Analysis: Hoping it all blows over

0 573

Let’s take a look at this salary increase scandal that is consuming the letters pages and social media with little let up.

First off the decision was taken by the Cabinet but there was no announcement of it at the post-Cabinet media briefing as might normally be the case. Instead it was gazetted on September 25 as is required by law and for days it went unnoticed until on October 2 The Mosquito posted the notice inciting a tidal wave of indifference. Eventually the partially vindicated Times slapped it on their front page and the subsequent outcry has been startling from all quarters although several commentators have been talking out of both sides of their mouths trying to appear both credible and loyal to the new government.

But to date there has been a stony silence from the administration save for the defiant and incautious remarks by Harmon last Wednesday as well as some confusing ones from Basil Williams. (It really needs to be approved in Parliament?) Of course Granger has been mute as he is on all contentious issues to date as part of his Teflon Presidency strategy.

So why the silence? Let’s start by asking two more questions.

Question 1 What was the motivation for the salary increases?

It would be reasonable to assume that the increase was not unanimously pushed by all the Cabinet members. There had to have been at least a few who had both political and personal reservations for rewarding themselves with such a large pay hike. However some have given up lucrative businesses and private practices to take up public office. And it is known within certain circles that at the time of naming the Cabinet there was a period when there was uncertainty over whether individuals would be available given the effective loss in personal income. Were promises made to them by Granger that they would get more soon? It is for these ministers, it appears, that the Cabinet collectively is biting the bullet and taking a political hit.

Question 2: What was the reason for such a significant increase as opposed to incremental annual increases?

That’s a no-brainer . Politics is often about timing. To take the route of incremental annual increases would bring the undesirable issue arising every twelve months. That would be madness. Furthermore no government would want to touch the issue of salary increases in the last three years of its term as elections come on the horizon. The practice is that if there are unpopular decisions to be taken that these should be done within the first year in office so by the time elections come around four years later they would be distant memories in the minds of the generally amnesiac public. (Brace therefore for decisions on Guysuco sooner rather than later) The APNU+AFC government by taking this action now is making a strategic decision and that is to take the hit from the public outcry now, rather than taking a series of decisions next year and in 2017 and later. By the time 2020 comes around how much of an issue will this salary increase be? Who can name one controversial decision made by the PPP even from last year?
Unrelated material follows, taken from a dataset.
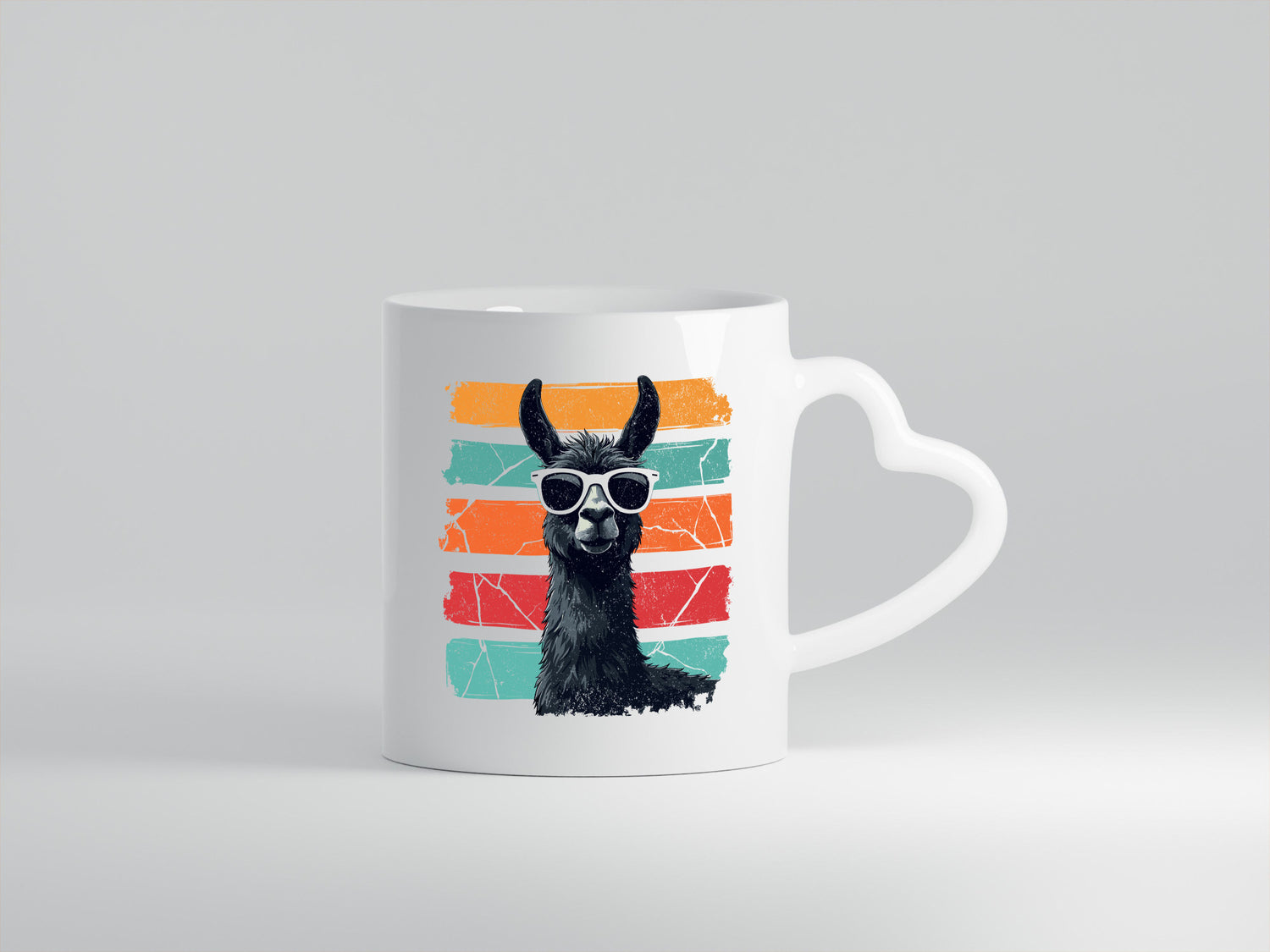 Alpaka | Lama mit Sonnenbrille Humor Geschenkidee Tasse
So that’s why the ministers are all dumb on the pay raise. They are too busy biting bullets and hoping they can get away with it. Can they? Of course. There will be no revolt, no mass protest in the street on Thursday. Just the dozen or so diehards. And indeed in a year from now it will all be forgotten…

….Or not.

People may forget the specifics, but this calculated move has already used up a lot of good will among the electorate and has turned the image of a fresh new coalition into one of the same tricky bunch of self dealing politicians. And indeed come 2020, one can expect the PPP voters would still be solidly behind the man who energised their election rallies and still casts a huge shadow over this country. All He would need to do is remind a few thousand voters about this 50% increase and the ministers could happily return to their lucrative private sector jobs.